"In Conversation" Series
Lecturer:
Prof. Yisrael Aumann (Hebrew University)
Title:
Who are the players -- the collectives or the individuals?
Discussants:
Ori Heffetz, Ariel Knafo, Carl Posy
Abstract:
In most applications of Game Theory, a “player” is a collective – team, country, corporation, and so on. Usually, this is understood as an idealization; in games where, say, countries are modeled as players, the “real” players are the individual citizens, with their individual goals, individual decisions and individual free will. It’s only because this “true” game is too big and unwieldy to analyze that, it is held, game theorists model players as they do. This talk explores the opposite idea – that the players really ARE the collectives: that in large part, collectives are like individual people, and may be thought of as such.
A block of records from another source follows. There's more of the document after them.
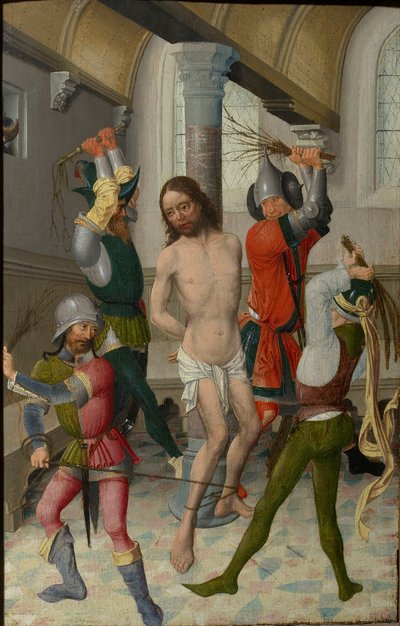 Die Geißelung Christi, ca. 1465 von Unbekannt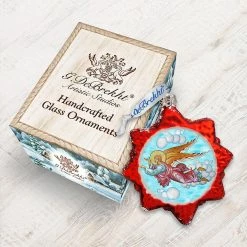 Top 10 🛒 Designocracy Flying Angel Mercury Glass Ornament Nativity Holiday Decor 👍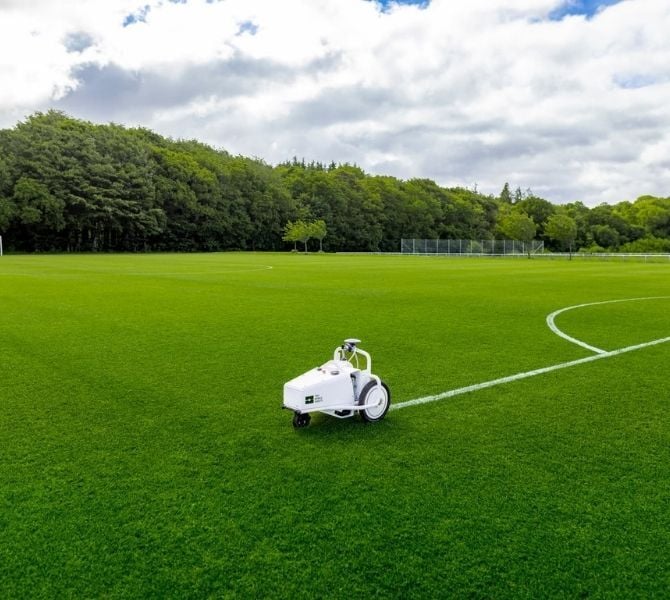 tinylinemarker pro x marking soccer field wide angle s-curve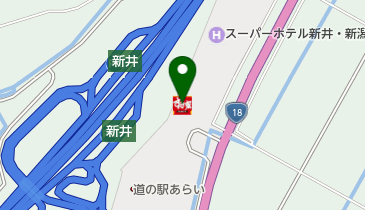 すき家 新井店の地図画像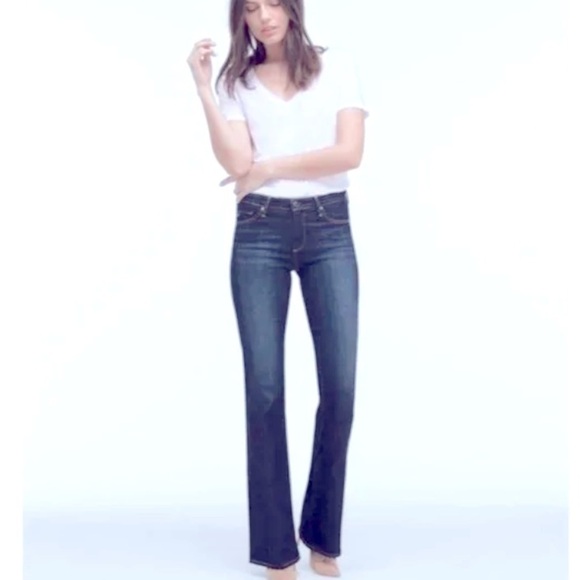 AG Adriano Goldschmied The Angel Womans Bootcut Jeans Size 30R Blue Mid Wash - Picture 14 of 14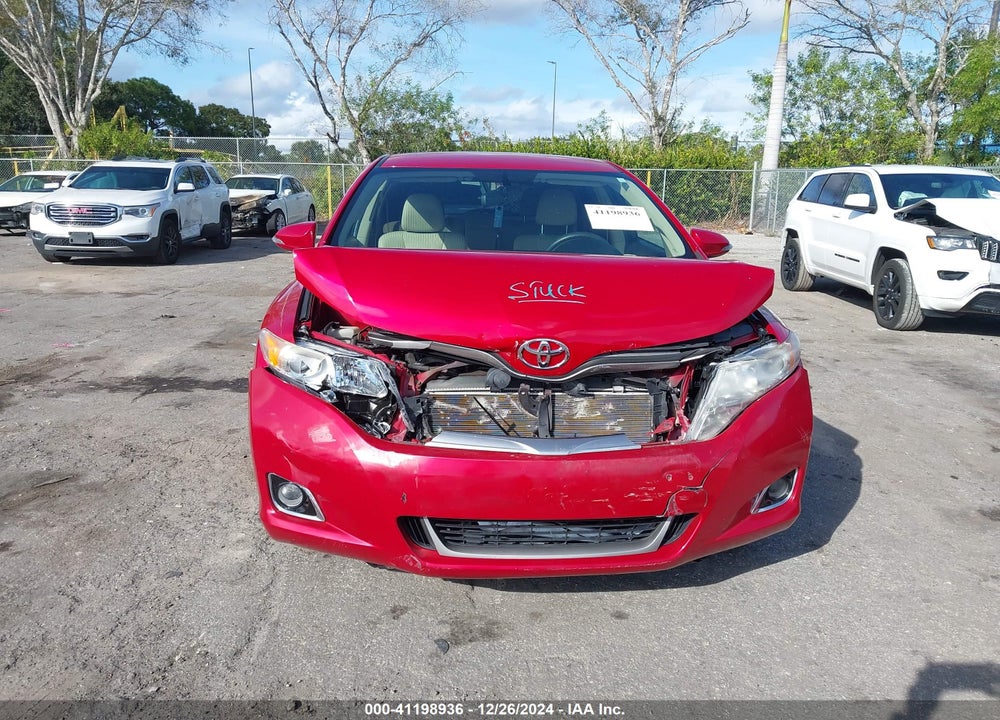 2013 TOYOTA VENZA LE VIN: 4T3ZA3BB5DU080109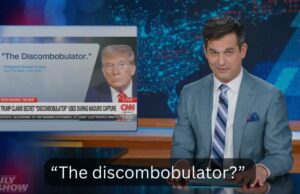 The Daily Show responde a Trump tagarelando sobre uma arma secreta dos EUA The Daily Show responde a Trump tagarelando sobre uma arma secreta dos EUA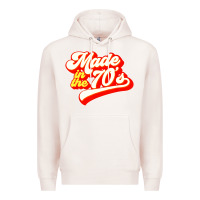 Pale Pink made in the 70s retro Premium Hoodie - artisFamous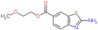 2-methoxyethyl 2-amino-1,3-benzothiazole-6-carboxylate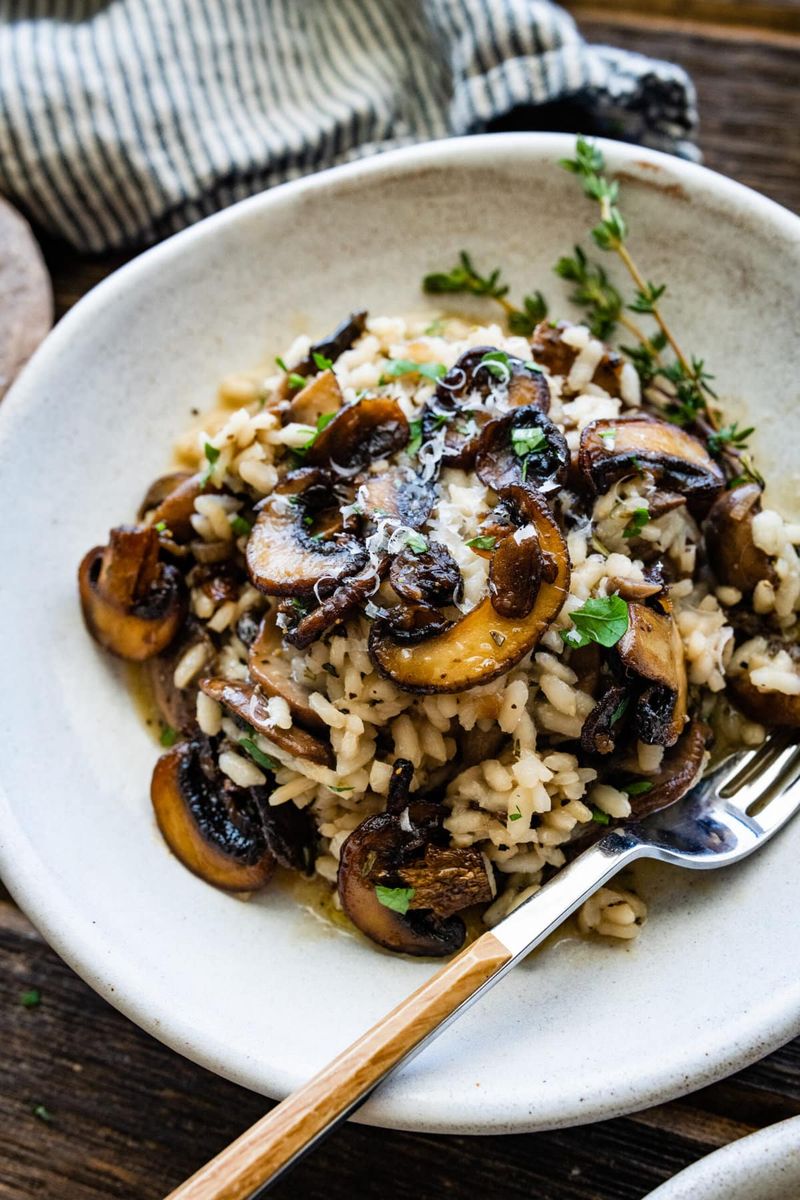 Creamy Mushroom Risotto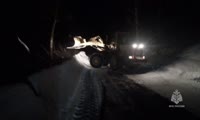 Очистка дороги от сошедшего снега 
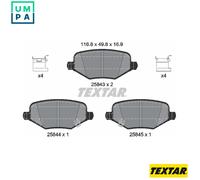 TEXTAR 2584301 Brake pad set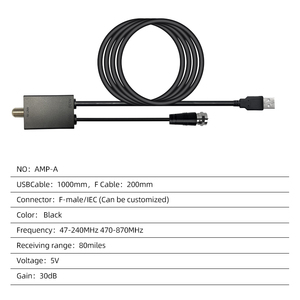 Amplificateur de Signal <span class=keywords><strong>d</strong></span>'<span class=keywords><strong>antenne</strong></span> de télévision numérique active <span class=keywords><strong>Antenne</strong></span> intérieure à fort et à gain élevé pour les antennes de communication TV - Product Image 3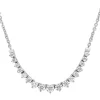 Diamond Point Witgouden Colliers|Diamanten Colliers<Witgouden collier, 1.38 ct diamant, Hearts & Arrows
And perhaps, not only in Game Theory.
Short Bio:
Born in Germany in 1930, Yisrael Aumann fled with his family to the US in 1938. He studied at the City College of New York and at MIT; in graduate school he met John Nash, which led to a life-long interest in Game Theory. In 1956 he made Aliyah and joined the math department of the Hebrew University; and in 1990, was among the founders of the University's Center for the Study of Rationality.
Location:
Eilan Hall, Feldman Building, Second Floor, Edmond Safra Campus.